DIRECTIONS FOR THIS TASK:
Quote the whole listing exactly. Leave the pictures out of your copy.

★ ★ ★ ★ ★ ★ ★

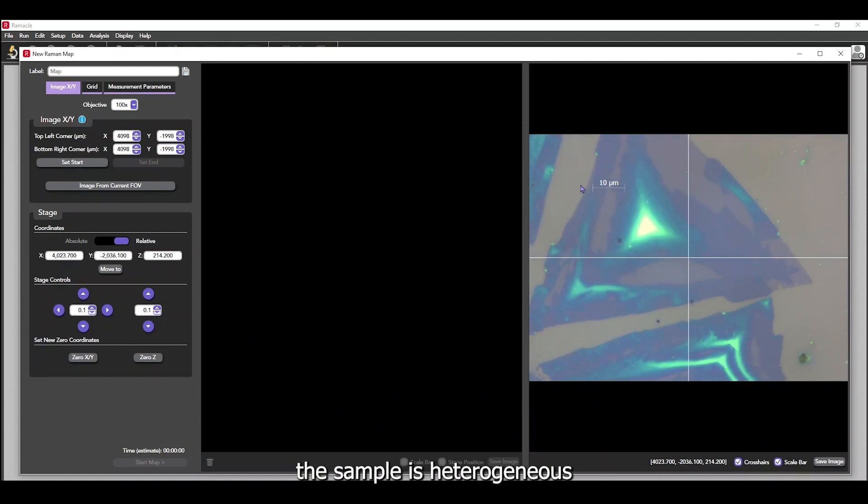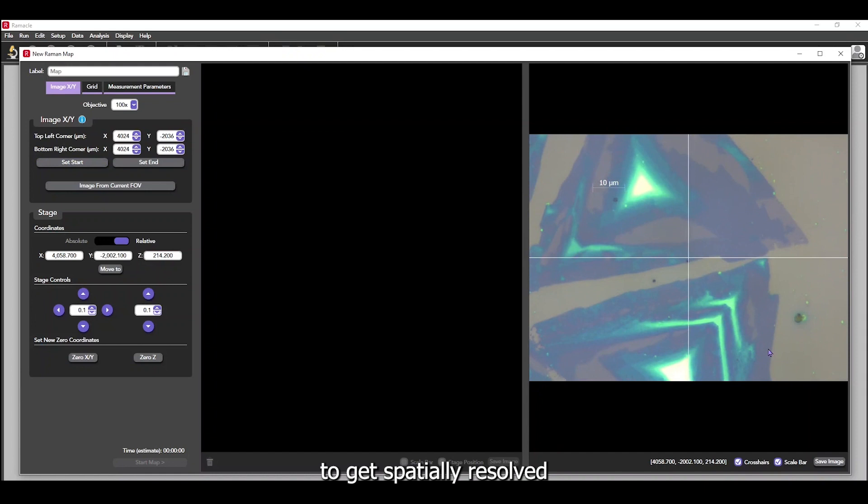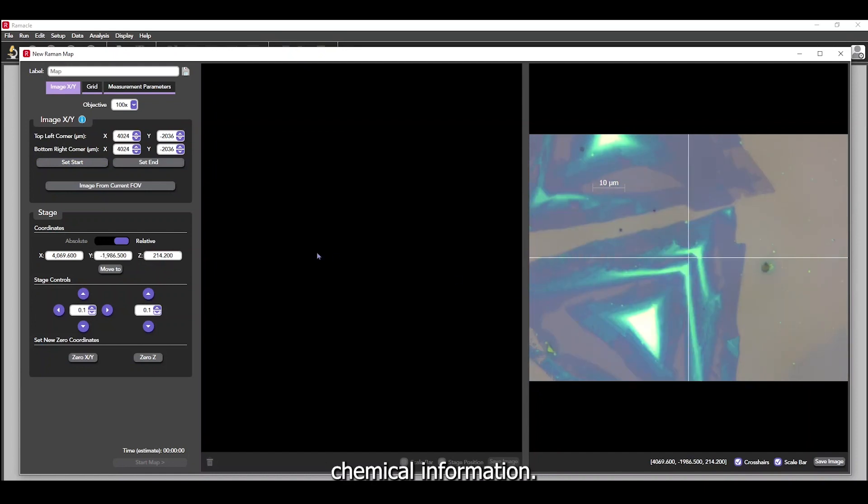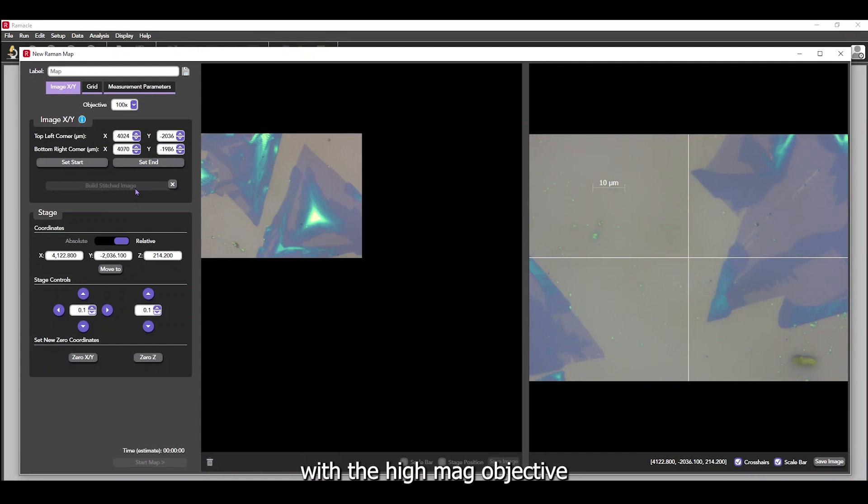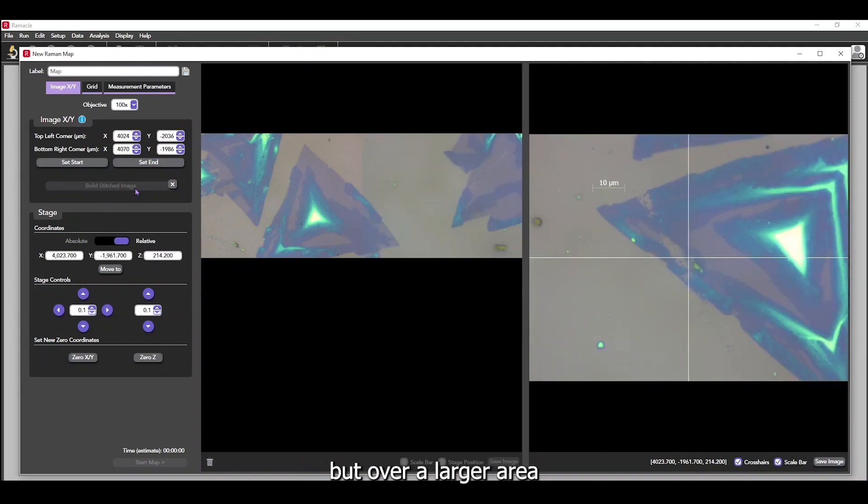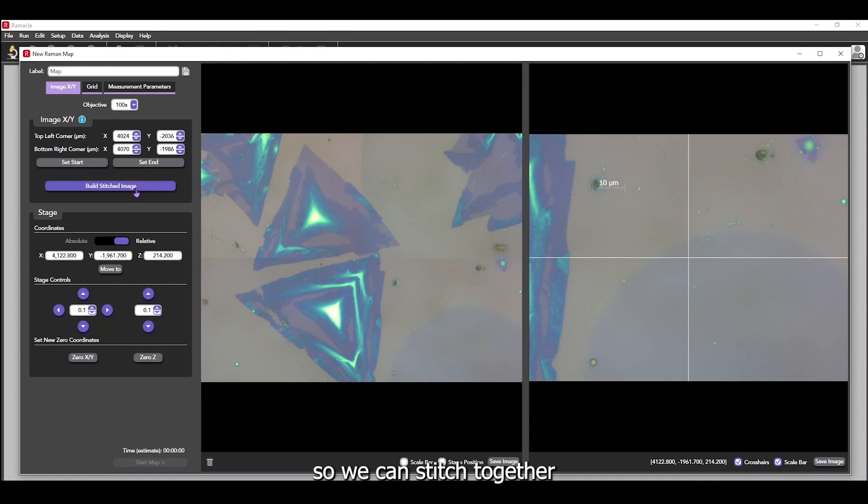Now that we know that the sample is heterogeneous and produces a Raman response, it's time to map it to get spatially resolved chemical information. Here, we want to perform our map with the high mag objective, but over a larger area than the narrow field of view shows. So we can stitch together multiple fields of view images.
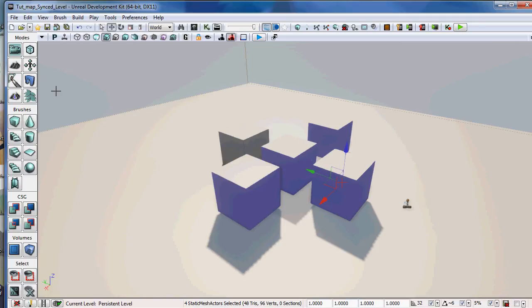So that's how you can use copy and paste creatively to solve some problems that you might have otherwise painted yourself into a corner. So that's it, guys.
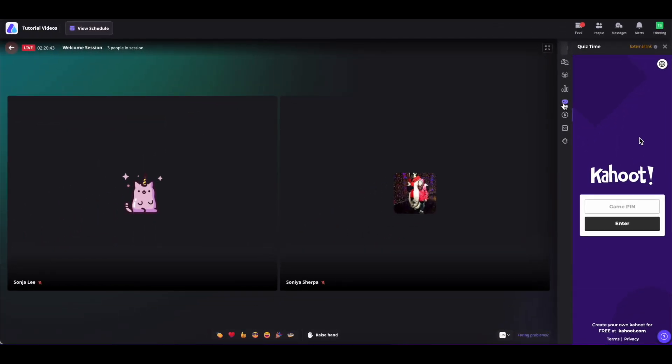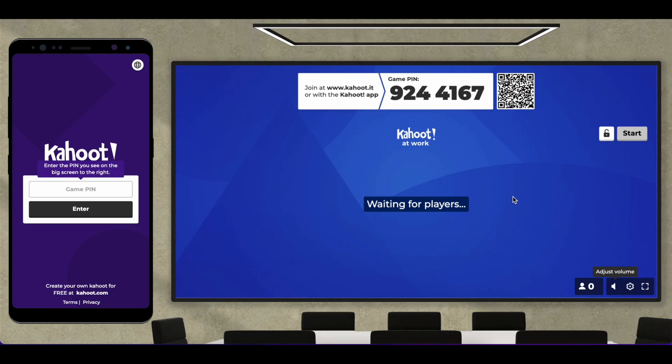The organizers will provide you with the PIN numbers to participate inside the Kahoot game. They might just share the number or share their screen with you. The game PIN or the number looks in such a way.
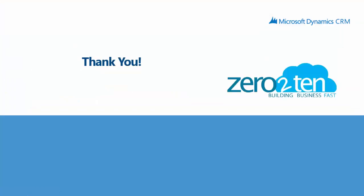Thank you for attending the approval process solution overview. If you have any questions, be sure to reach out to your 0-10 account director. Have a great day.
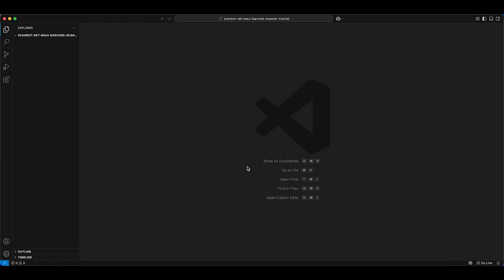Now we'll build the second app, this time using the ScanBot Barcode Scanner SDK for .NET MAUI. First, we're going to implement single-barcode scanning in our app. Afterwards, we'll adapt the scanner to support multi-barcode scanning and implement an AR overlay.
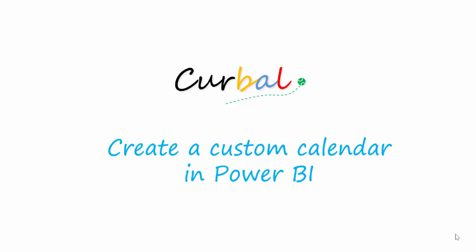Hello, this is Ruth Pazuello from Curveball.com and today I'm going to show you how to create a custom calendar in Power BI.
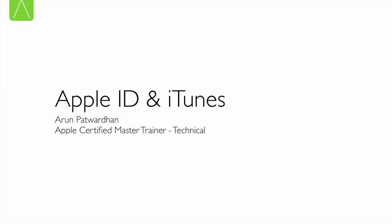Welcome. Today we are going to talk about Apple ID and iTunes. We are going to look at what an Apple ID is used for and how to manage your purchases using iTunes.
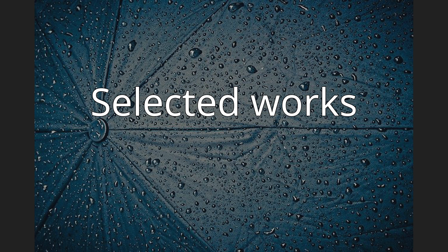Bonds of Civility: Aesthetic Networks and Political Origins of Japanese Culture, 2005. Japanese Translation.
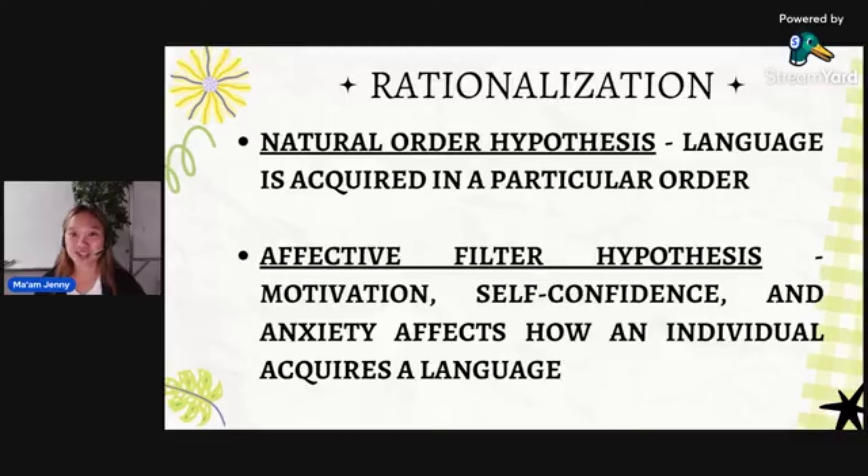Alright, so that's it — the monitor model of Stephen Krashen. That was a long one.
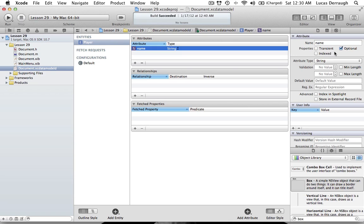There aren't too many times where transient makes sense, but you do get all the benefits of Core Data and if you just don't want something saved, you can select Transient. Index we'll talk about later — that's more related to searching for terms using Core Data and is more complicated than we need to get into right now. And of course there are other options like Default Value, where you can specify a starting value for the attribute.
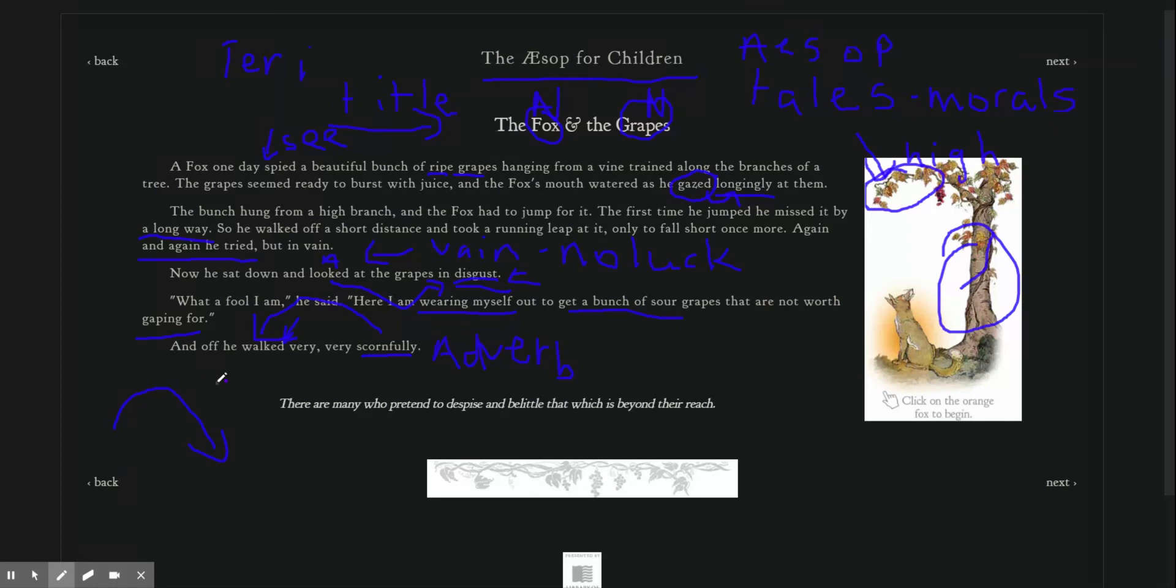The moral. There are many who pretend to despise and belittle that which is beyond their reach.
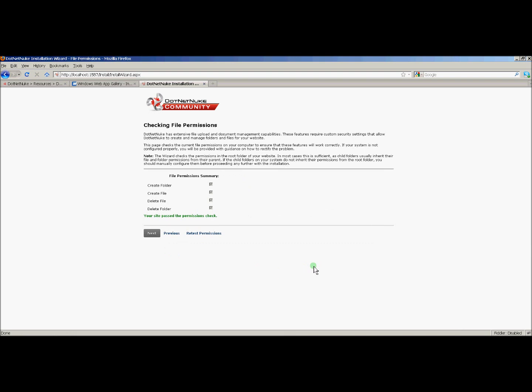Next page is a file permissions check. I haven't had an issue when installing with Web Matrix with this permissions check. I've had issues in the past when installing it in IIS. Usually it's a simple file permissions issue. Just refer to the .NET Nuke website for information on how to fix those issues. So now we'll click next.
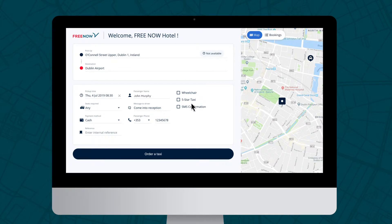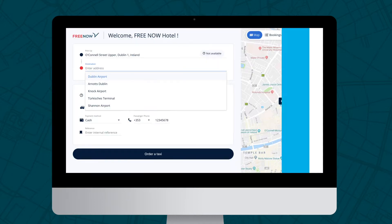By clicking on your unique link, you'll be taken to our online booking tool. The address will be preset to your location, but if you'd like to change this, simply start typing and Google Maps will present you with autofill options to select from.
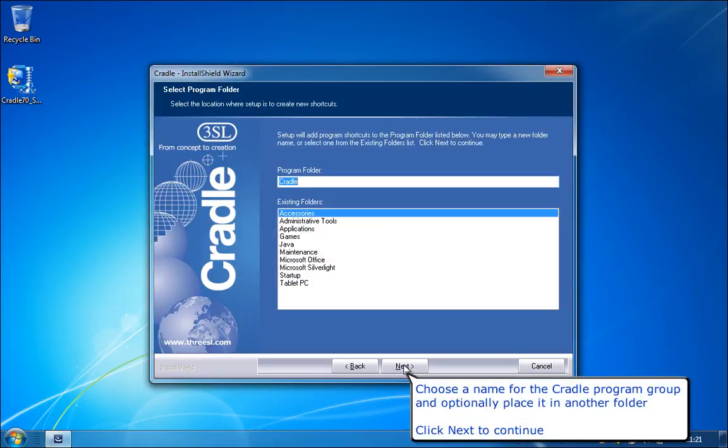Choose a name for the Cradle program group and optionally place it in another folder. Click Next to continue.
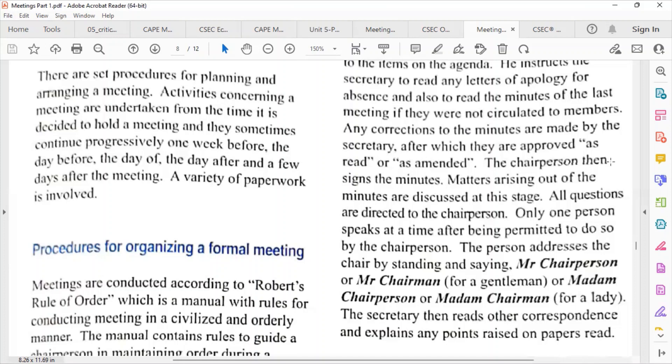A member speaks only after being permitted to do so by the chairperson. The person addresses the chair by standing and saying 'Mr. Chairperson' or 'Mr. Chairman' for a gentleman. If it's a lady, they say 'Madam Chairperson' or 'Madam Chairman.'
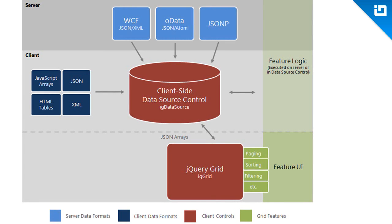When data comes from a service, then options include WCF, OData, and JSONP. Simple JSON objects and arrays aren't listed here because if you have a service returning JSON, it returns it to the page locally which then makes it available to the data source from that point.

★ ★ ★ ★ ★ ★ ★

TASK OUTPUT:
Now that we know that the sample is heterogeneous and produces a Raman response, it's time to map it to get spatially resolved chemical information. Here, we want to perform our map with the high mag objective, but over a larger area than the narrow field of view shows. So we can stitch together multiple fields of view images.
So that's how you can use copy and paste creatively to solve some problems that you might have otherwise painted yourself into a corner. So that's it, guys.
The organizers will provide you with the PIN numbers to participate inside the Kahoot game. They might just share the number or share their screen with you. The game PIN or the number looks in such a way.
Thank you for attending the approval process solution overview. If you have any questions, be sure to reach out to your 0-10 account director. Have a great day.
Now we'll build the second app, this time using the ScanBot Barcode Scanner SDK for .NET MAUI. First, we're going to implement single-barcode scanning in our app. Afterwards, we'll adapt the scanner to support multi-barcode scanning and implement an AR overlay.
Hello, this is Ruth Pazuello from Curveball.com and today I'm going to show you how to create a custom calendar in Power BI.
Welcome. Today we are going to talk about Apple ID and iTunes. We are going to look at what an Apple ID is used for and how to manage your purchases using iTunes.
Bonds of Civility: Aesthetic Networks and Political Origins of Japanese Culture, 2005. Japanese Translation.
Alright, so that's it — the monitor model of Stephen Krashen. That was a long one.
There aren't too many times where transient makes sense, but you do get all the benefits of Core Data and if you just don't want something saved, you can select Transient. Index we'll talk about later — that's more related to searching for terms using Core Data and is more complicated than we need to get into right now. And of course there are other options like Default Value, where you can specify a starting value for the attribute.
The moral. There are many who pretend to despise and belittle that which is beyond their reach.
Next page is a file permissions check. I haven't had an issue when installing with Web Matrix with this permissions check. I've had issues in the past when installing it in IIS. Usually it's a simple file permissions issue. Just refer to the .NET Nuke website for information on how to fix those issues. So now we'll click next.
By clicking on your unique link, you'll be taken to our online booking tool. The address will be preset to your location, but if you'd like to change this, simply start typing and Google Maps will present you with autofill options to select from.
Choose a name for the Cradle program group and optionally place it in another folder. Click Next to continue.
A member speaks only after being permitted to do so by the chairperson. The person addresses the chair by standing and saying 'Mr. Chairperson' or 'Mr. Chairman' for a gentleman. If it's a lady, they say 'Madam Chairperson' or 'Madam Chairman.'
When data comes from a service, then options include WCF, OData, and JSONP. Simple JSON objects and arrays aren't listed here because if you have a service returning JSON, it returns it to the page locally which then makes it available to the data source from that point.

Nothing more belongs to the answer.